WORK REQUEST
Set down the final stretch of the data, from the line that holds "hi，ela！Please create a" through the last line, both included, with pictures left out.

(INFORMATION PROVIDED begins)

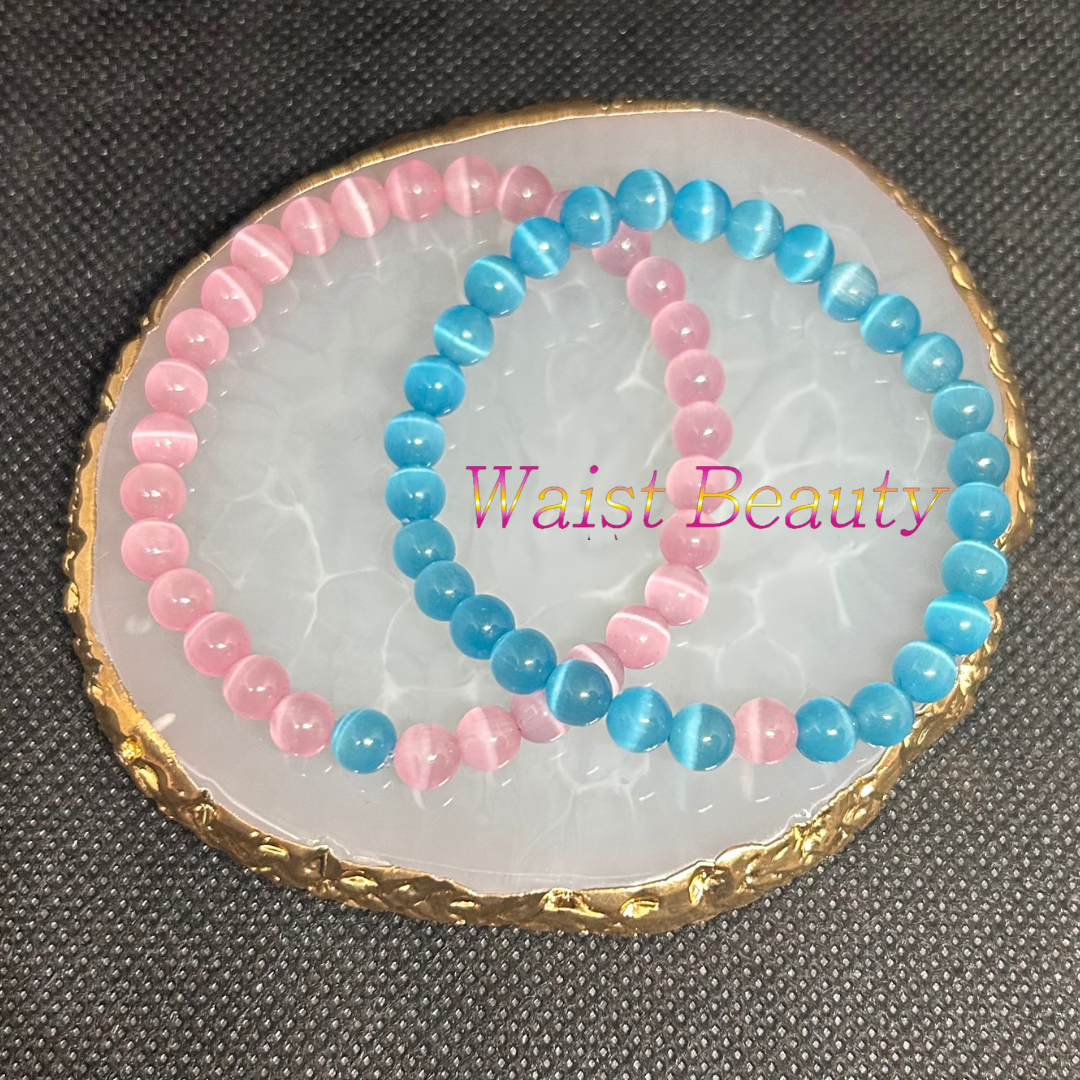 Blue&Pink Cat's Eye Opal Bracelet 2pc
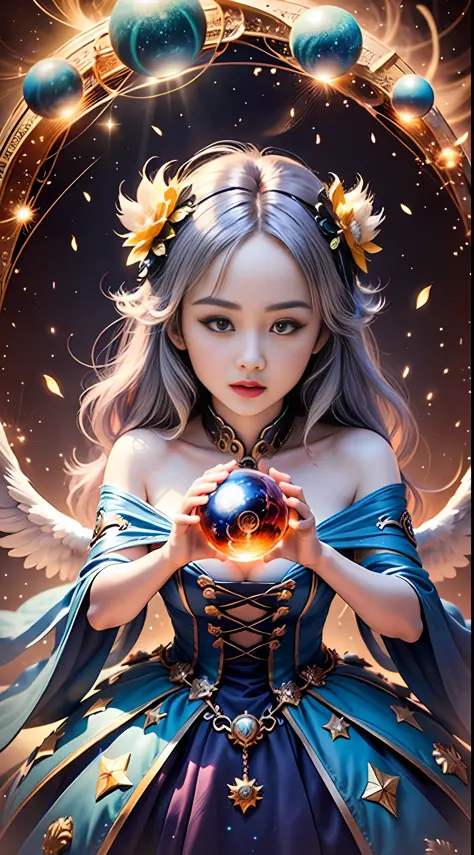 hi，ela！Please create a creature of light，beautiful angel，Magical Spirit of Light。Explore your creativity，Depicting this mysterio...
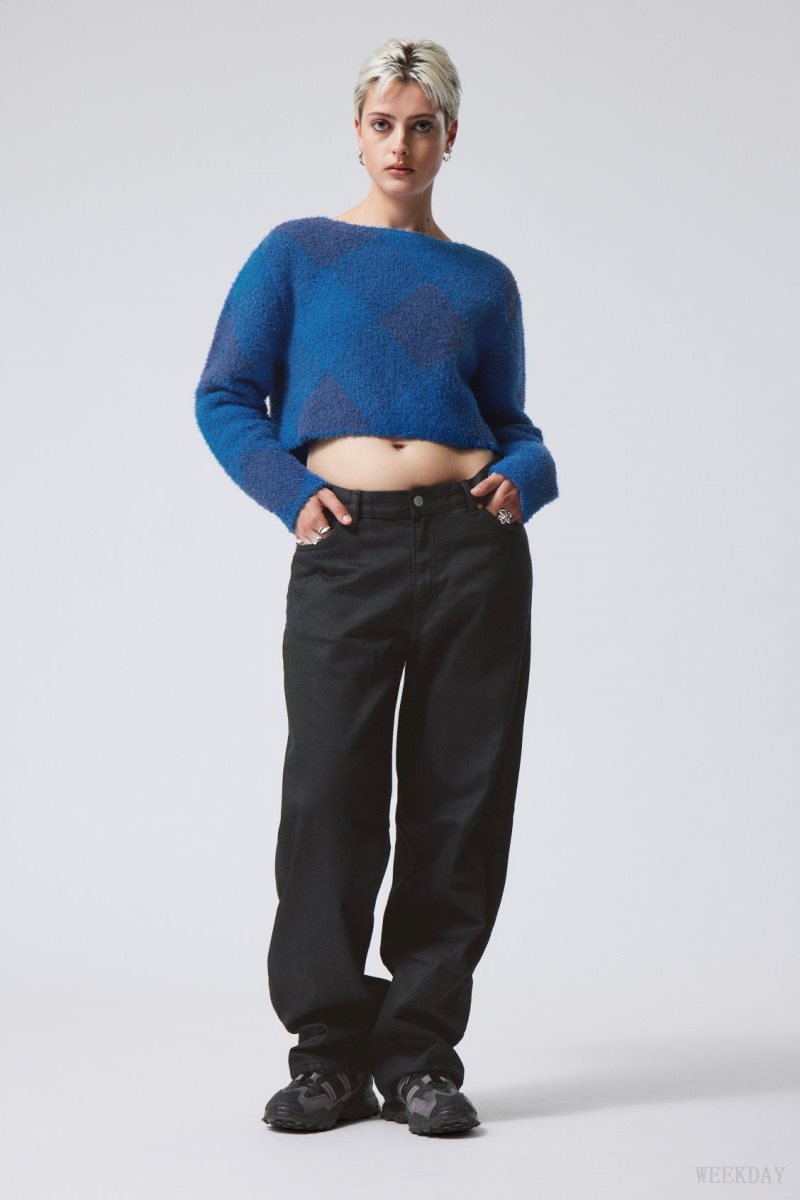 Weekday Hera Check Hairy Sweater Blue | NTOW1739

(INFORMATION PROVIDED ends)

TASK RESULT
 hi，ela！Please create a creature of light，beautiful angel，Magical Spirit of Light。Explore your creativity，Depicting this mysterio...
 Weekday Hera Check Hairy Sweater Blue | NTOW1739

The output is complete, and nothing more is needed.